View Source Classifying horses and humans

Mix.install([
  {:axon, "~> 0.6.0"},
  {:nx, "~> 0.6.0"},
  {:exla, "~> 0.6.0"},
  {:stb_image, "~> 0.6.0"},
  {:req, "~> 0.4.5"},
  {:kino, "~> 0.11.0"}
])

Nx.global_default_backend(EXLA.Backend)
Nx.Defn.global_default_options(compiler: EXLA)

Introduction

In this notebook, we want to predict whether an image presents a horse or a human. To do this efficiently, we will build a Convolutional Neural Network (CNN) and compare the learning process with and without gradient centralization.

Loading the data

We will be using the Horses or Humans Dataset.

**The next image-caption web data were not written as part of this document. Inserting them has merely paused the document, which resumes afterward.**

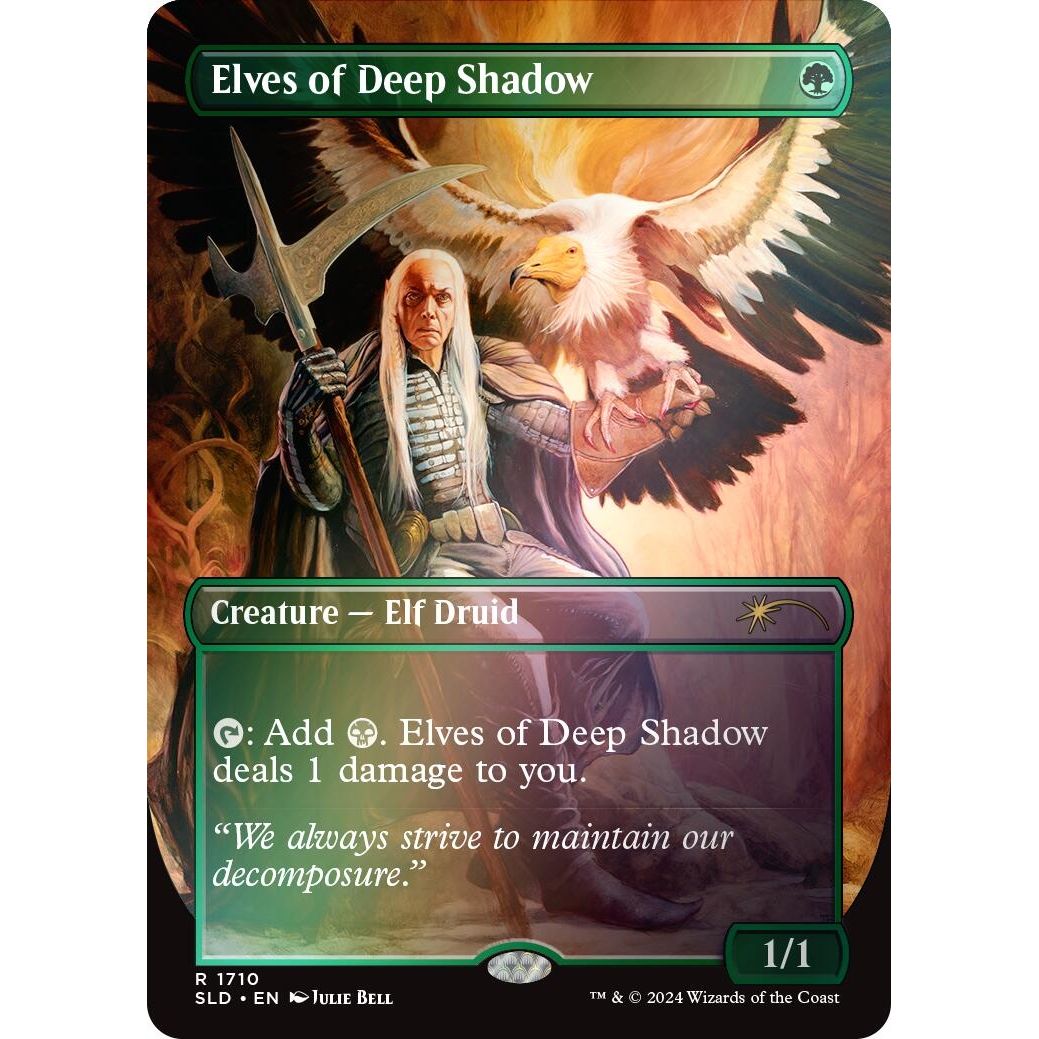 Image for Elves of Deep Shadow (Rainbow Foil) (1710) (SLD) - Magic: The Gathering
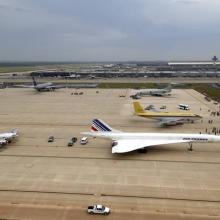 Three historic aircraft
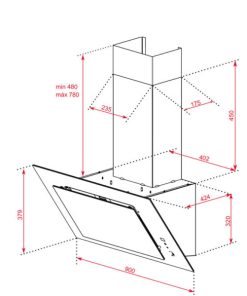 Máy hút mùi Teka DVT 98660 TBS BK |112930043 nhập khẩu TÂY BAN NHA - 5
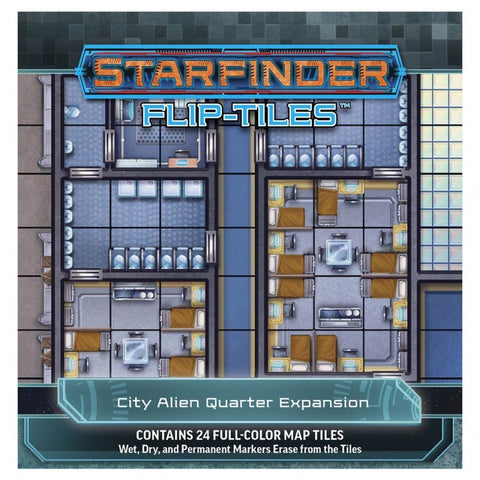SFRPG: Flip-Tiles: City Alien Quarter Expansion [PZO7508]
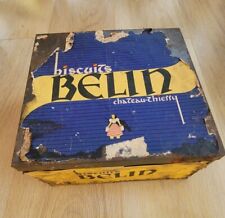 Rare Ancienne Boite publicitaire BELIN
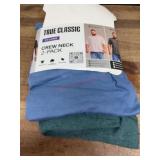 True Classic Crew Neck T-Shirts, 2-Pack, 2XL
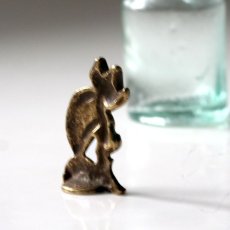 画像10: イギリス イタズラ好きの小妖精ピクシーの真鍮製 アンティークブラスbrassオーナメント イギリス 縁起物 ラッキーアイテム (10)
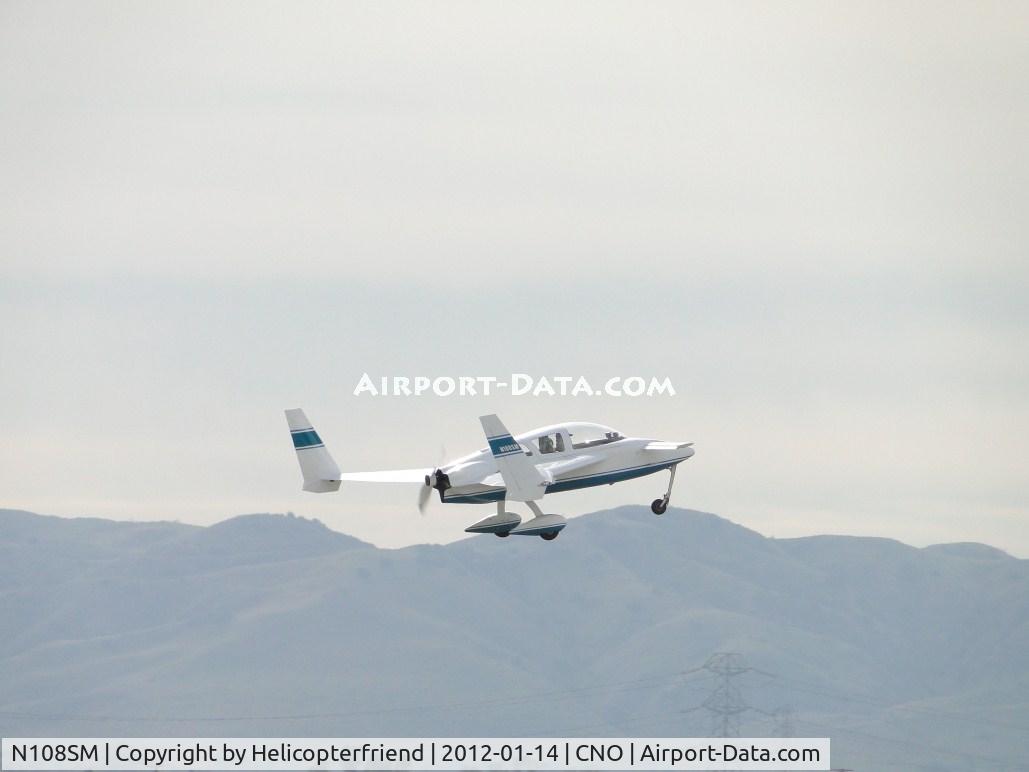 N108SM, 1999 Co-Z Cozy Mark IV C/N MK-0240, High enough to start retracting the nose wheel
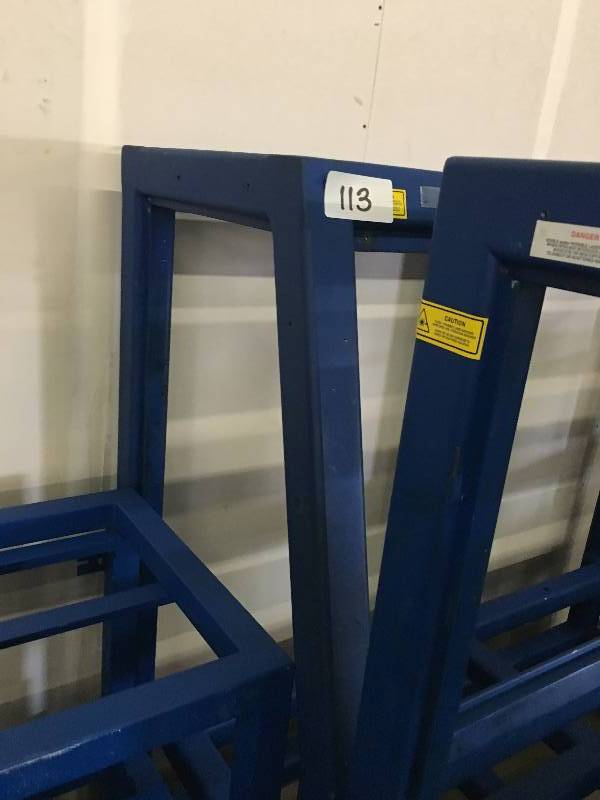 Large machine frame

The dataset is available as a ZIP with image files, we will download it using req. Conveniently, req will unzip the files for us, we just need to convert the filenames from strings.

%{body: files} =
  Req.get!("https://storage.googleapis.com/learning-datasets/horse-or-human.zip")

files = for {name, binary} <- files, do: {List.to_string(name), binary}

Note on batching

We need to know how many images to include in a batch. A batch is a group of images to load into the GPU at a time. If the batch size is too big for your GPU, it will run out of memory, in such case you can reduce the batch size. It is generally optimal to utilize almost all of the GPU memory during training. It will take more time to train with a lower batch size.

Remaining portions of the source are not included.